Tomorrow: We look at some of the shocking stories of staff abuse – and talk to former workers about their experiences at the hospital.

Looking back at Ely Hospital: Activities and holidays

January 28th, 2012

Ely Hospital remembered in our series

In the third installment of our Ely Hospital series, Clare Hutchinson takes a look at activities and holidays at the institution, as told by those who were there

Activities formed a central part of daily life for patients with learning disabilities at Ely Hospital.

After the damning 1969 Ely Inquiry, in which the hospital was condemned for – among other things – not giving patients enough stimulation, more emphasis was put on activities like art, crafts, music and flower arranging.

But perhaps one of the more unusual activities was what was known as industrial therapy.

A therapist who worked at the hospital for 33 years shared his memories of his time there with Cardiff People First’s Ely Hospital project.

“Industrial therapy was awful,” he said.

“I think it came from the history of learning disabilities and workhouses as a way to try and give people proper jobs and get them out into the community.

“But that’s not what happened. It was actually just occupying people.

“You would get those little packs of screws and washers and things like that. They would fill those up, put 20 of them in a pack and seal them up and earn money from it.”

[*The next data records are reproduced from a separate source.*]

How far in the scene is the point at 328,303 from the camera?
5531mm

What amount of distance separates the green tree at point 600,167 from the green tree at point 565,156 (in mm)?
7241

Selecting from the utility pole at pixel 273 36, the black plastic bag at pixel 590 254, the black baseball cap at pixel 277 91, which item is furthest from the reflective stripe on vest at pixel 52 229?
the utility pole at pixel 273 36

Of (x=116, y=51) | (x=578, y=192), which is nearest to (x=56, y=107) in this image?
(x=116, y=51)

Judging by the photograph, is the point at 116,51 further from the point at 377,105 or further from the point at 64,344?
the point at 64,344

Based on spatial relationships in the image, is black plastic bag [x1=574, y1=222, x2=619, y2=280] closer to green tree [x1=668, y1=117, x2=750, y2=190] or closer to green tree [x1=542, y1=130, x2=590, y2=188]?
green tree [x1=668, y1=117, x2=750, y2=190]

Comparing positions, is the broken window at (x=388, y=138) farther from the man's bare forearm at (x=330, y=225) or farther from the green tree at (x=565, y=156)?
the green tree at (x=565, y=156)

At other times, groups of up to 40 patients at a time would tie and re-tie ribbons, or even stamp prescriptions for the health authority.

The therapist added: “All day long you could hear it. When you’ve got 30 to 40 people doing that at a time its quite a loud sound in this big place.”

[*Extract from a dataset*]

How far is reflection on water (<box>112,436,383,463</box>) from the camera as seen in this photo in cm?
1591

In the 1990s, before the hospital closed in 1997, patients could get paid up to £7 a day for their work.

One former nurse, who also contributed to the Ely Hospital project at the Cardiff Story museum, said patients could not earn more because it would affect their benefits.

“What we were trying to do was to make lots of different activities and put some routine into the residents’ lives there,” she said.

“First thing in the morning I would go into the wards and I would help people to dress or to feed themselves, and then across on the main department we would have all sorts of different activities going on for different groups that came over.

“We had some industrial therapy there and others would take part in drama, music and craft activities, cookery and then some days we would go out for trips.

“The ones that were more able had little jobs on the ward that they would get paid for, like tidying up or helping to look after somebody else, helping with mealtimes. But in our department we also had what was called an industrial therapy unit – packing screws and hooks and things.”